Electrophoresis
Gel electrophoresis is a method that separates macromolecules-either nucleic
acids or proteins-on the basis of size, electric charge, and other physical properties.
Separation of large (macro) molecules depends upon two forces: charge and mass. When
a biological sample, such as proteins or DNA, is mixed in a buffer solution and applied to
a gel, these two forces act together. The electrical current from one electrode repels the
molecules while the other electrode simultaneously attracts the molecules. The frictional
force of the gel material acts as a "molecular sieve," separating the molecules by size.

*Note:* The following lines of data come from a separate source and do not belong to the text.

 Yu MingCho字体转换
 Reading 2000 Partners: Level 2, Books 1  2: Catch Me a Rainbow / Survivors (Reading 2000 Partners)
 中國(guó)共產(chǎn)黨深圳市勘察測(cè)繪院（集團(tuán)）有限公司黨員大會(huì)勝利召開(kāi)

During electrophoresis, macromolecules are forced to move through the pores when the
electrical current is applied. Their rate of migration through the electric field depends on
the strength of the field, size and shape of the molecules, relative hydrophobicity of the
samples, and on the ionic strength and temperature of the buffer in which the molecules
are moving. After staining, the separated macromolecules in each lane can be seen in a
series of bands spread from one end of the gel to the other.

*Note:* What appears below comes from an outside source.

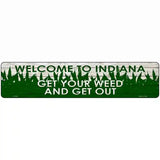 Indiana Get Your Weed Novelty Metal Street Sign 18" x 4" (K)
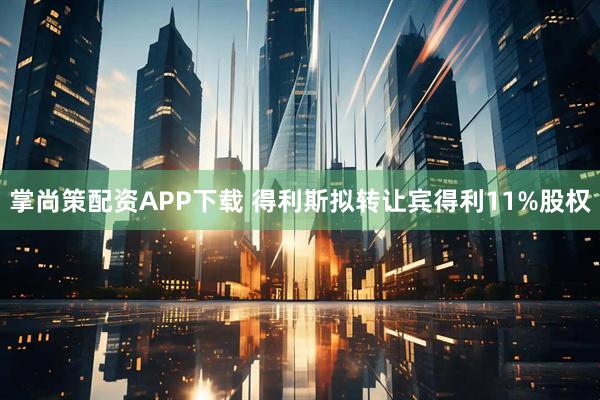掌尚策配资APP下载 得利斯拟转让宾得利11%股权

Proteins are amphoteric compounds; their net charge therefore is determined by
the pH of the medium in which they are suspended. In a solution with a pH above its
isoelectric point, a protein has a net negative charge and migrates towards the anode in an
electrical field. Below its isoelectric point, the protein is positively charged and migrates
towards the cathode. The net charge carried by a protein differs from protein to protein.
At a given pH therefore, and under non-denaturing conditions, the electrophoretic
separation of proteins is determined by both size and charge of the molecules.
Nucleic acids however, remain negative at any pH used for electrophoresis and in
addition carry a fixed negative charge per unit length of molecule, provided by the PO4
group of each nucleotide of the nucleic acid. Electrophoretic separation of nucleic acids
therefore is strictly according to .size.
Support matrices: Generally the sample is run in a support matrix such as cellulose
acetate, starch gel, agarose or polyacrylamide gel. The most commonly used support
matrices, agarose and polyacrylamide, which provide a means of separating molecules by
size, in that they are porous gels. A porous gel may act as a sieve by retarding, or in some
cases completely obstructing, the movement of large macromolecules while allowing
smaller molecules to migrate freely. Agarose is used to separate larger macromolecules
such as nucleic acids, large proteins and protein complexes.
Polyacrylamide gel electrophoresis allows protein separation on non-reactive matrix
formed by acrylamide and N, N’methylene bisacrylamide co-monomers that undergo free
radical mediated polymerization to form a meshwork of pores that satirically resist
protein migration. Polymerization is initiated by ammonium persulfate (radical source)
and catalyzed by TEMED (a free radical donor and acceptor). Polyacrylamide, which is
easy to handle and to make at higher concentrations, is used to separate most proteins and
small oligonucleotides that require a small gel pore size.